According to the Financial Times, the European Commission is considering appropriating the ECB’s profits in order to fill up the hole in the EU’s common budget opened as a result of Brexit. The motivation is not surprising: Britain is a net contributor to the EU budget. Brexit means that either other net contributors will have to contribute more – which they are not prepared to do – or net recipients will have to receive less – which they are not prepared to accept. Going to the bank is an easy decision, because, after all, “That’s where the money is” as Willie Sutton said.

Even so, this is a bad idea for a number of reasons.

First, as the FT notes, the ECB’s profits haven’t been that great recently, just below €1.2bn in 2016 and just below €1.3bn in 2017. The Commission is looking to generate some €56bn over seven years from this source, which seems highly unlikely.

Secondly, as the ECB has already pointed out, the move would almost certainly necessitate a legal change to the Bank’s statute – therefore, to be agreed by all euro area countries. Whatever governments will say, the idea is likely to be furiously resisted by the national central banks (NCBs), who cherish their independence and that of the ECB.

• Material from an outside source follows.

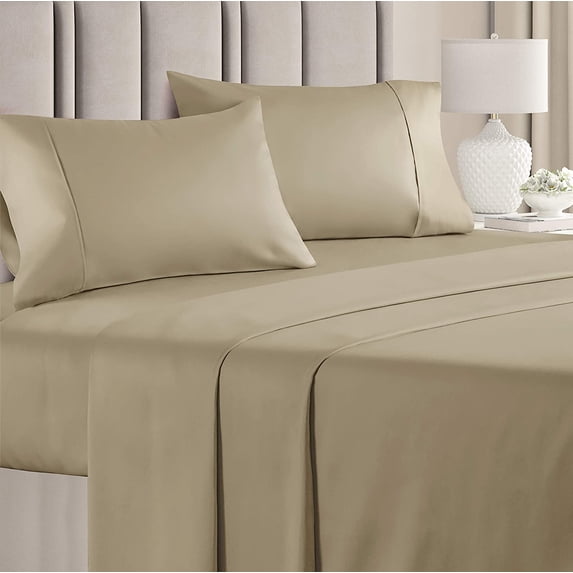 CGK Linens 4-Piece 400 Thread Count Cotton Sheet Set - Full Size 100% Cotton Sateen Bed Sheets Fits 18"-24" Mattresses, Beige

Thirdly, transferring funds from the ECB to the EU means taking money that under normal circumstances would be spent within the euro area (see below) and almost certainly spending the bulk of it outside the EA, since many of the EU’s poorest countries are in the Balkans and in Central and Eastern Europe and are not EA members. It is difficult to see that this would be tolerated by the various EA governments, who will therefore join the NCBs in resisting.

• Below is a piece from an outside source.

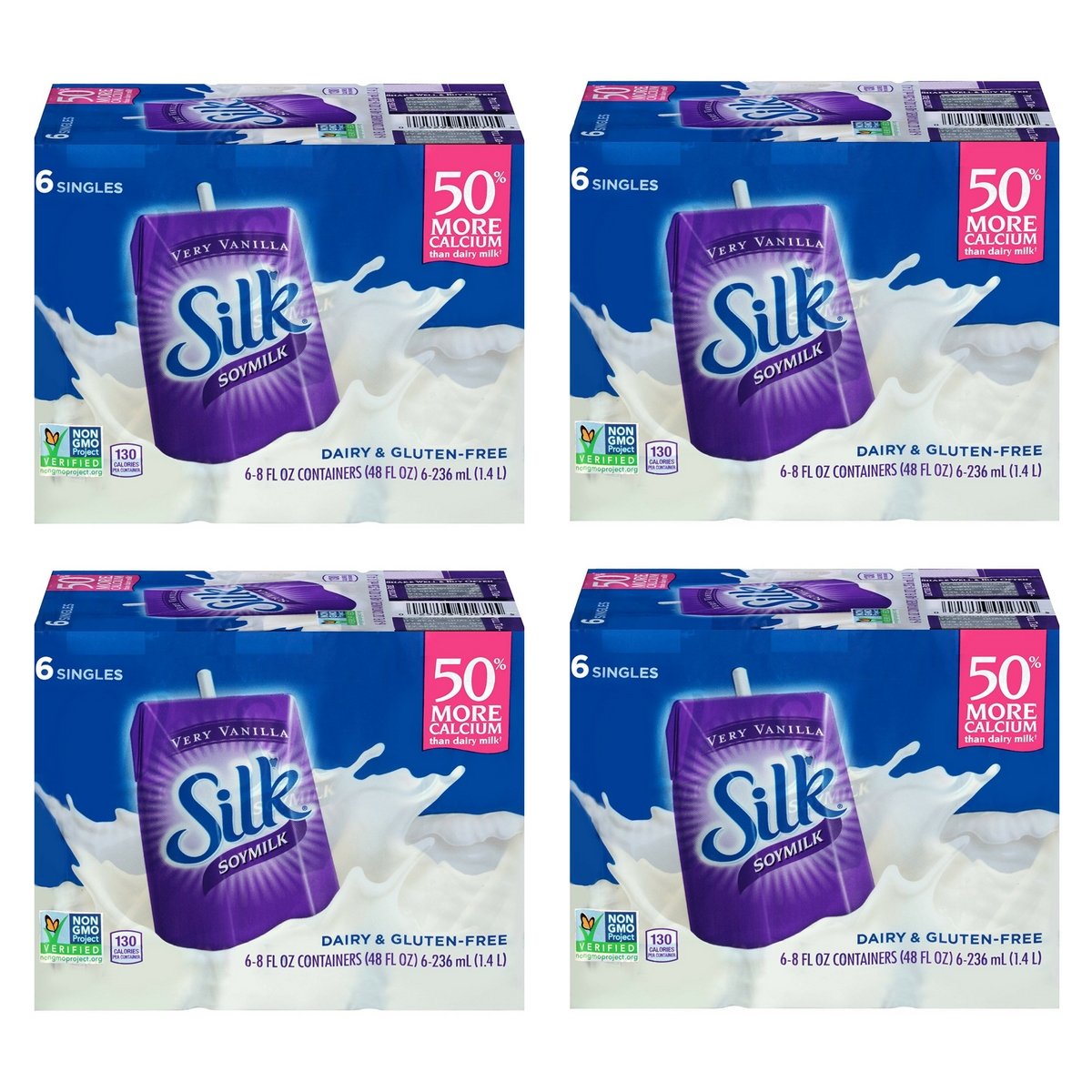 Silk Very Vanilla Soymilk, 8 fl oz 6 Count (Pack of 4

Fourthly, at the moment, the overwhelming majority ECB profits are distributed to the Bank’s owners, in other words, the NCBs. These usually pass on their profits to the respective Ministry of Finance, where it enters the general government budget and is spent domestically. If the European Commission really does manage to engineer its putative bank raid, it is essentially transferring funds from national governments to the EU, without having to go through the time-consuming and politically fraught process of getting everyone to agree to a larger EU budget.

Perhaps we should also ask ourselves, why is the idea even being discussed? One answer is that it highlights the European Commission’s desperation and need to somehow square the post-Brexit circle between those who won’t pay more and those who won’t take less. It may also be the case that this is a trial balloon; ECB profits are currently small; one or two billion euros won’t matter very much and is not worth kicking up a fuss about. But, of course, once the principle is agreed, it can be applied when profits are much higher.

But whether serious or a trial balloon (or a mixture), this is a bad idea, and one which is highly unlikely to come to pass.